Le dernier "Lundi en coulisse" auquel le CnT a contribué s'est déroulé le 22 Octobre, de 10h à 18h, à la "Villa
Gillet" à Lyon. Cette manifestation fut une réussite, et ceci au grand bénéfice des textes. La réussite du 22 Octobre
nous a naturellement fait plaisir, mais, paradoxalement, elle a renforcé les préoccupations de Laurent, lesquelles ont
pris naissance à partir de la distinction que l'on établit entre les deux types de dispositifs spatiaux employés, lors
d'une lecture devant des spectateurs. Soit, on dispose d'un dispositif de spectacle classique, composé de deux
espaces clivés – celui de la salle et celui du plateau -, soit on se retrouve dans un seul et même espace, sans clivage
ni déclivité. Le premier dispositif a pour effet principal de reproduire une situation spectaculaire – d'un côté les
acteurs, de l'autre les spectateurs – qui ne découragera pas les velléités de cabotinage (cabotinage et mauvaise
littérature ont toujours fait bon ménage). Evidemment, le second dispositif rencontrera la limite obligatoire d'un
petit nombre de participants, toutefois n'oublions pas que beaucoup de lectures se tiennent dans des habits trop
grands. De plus, le fait de se trouver sur un même plan, sans déclivité ni clivage, renforce le caractère participatif
de ce qui doit rester une séance de travail collectif.
"Lundi en coulisse" est un beau titre : le Lundi est traditionnellement un relâche (tel le relâche d'un bateau), et il est
intéressant de se retrouver – "écouteurs" et lecteurs - en coulisse, en un lieu qui n'est pas encore un des plateaux
installés de la représentation, mais reste, concrètement ou symboliquement, proche de ceux-ci.
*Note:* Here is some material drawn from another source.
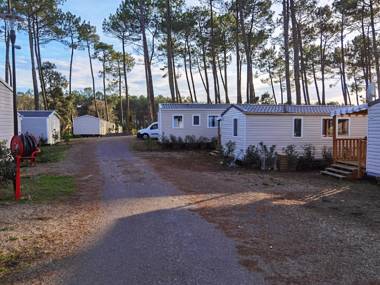 Bungalow de 2 chambres avec piscine partagee jardin amenage et wifi a Saint Julien en Born a 4 km de la plage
En coulisse, ne vous
souffle pas en pleine figure, un vent à décorner les bœufs. En coulisse ne soufflent que des vents coulis, ne
soufflent que des souffles qui, heureusement, tels des roseaux, ne se tiennent pas droit debout. Il est important de
replacer la préoccupation de Laurent – plusieurs organisateurs de lectures la partagent – dans l'ensemble des
facteurs qui, relevant spécifiquement de la représentation, se distinguent de la "seule expression". Certes, non
seulement représentation et expression concourent, toutes deux, à la représentation elle-même, mais celle-ci est
constitutive de la seconde, laquelle revient à sa reprise en mains (qui menace de l'écraser). A notre époque, il est
vital de les distinguer, tant le théâtre est supplanté par l'activisme des spectacles, tant la longue route de la
représentation s'efface derrière l'expression… comme la soufflerie du vent debout tourne le dos au souffle d'air qui,
pourtant, le constitue. Au temps de la lecture, apprenons à nous suffire du vent coulis.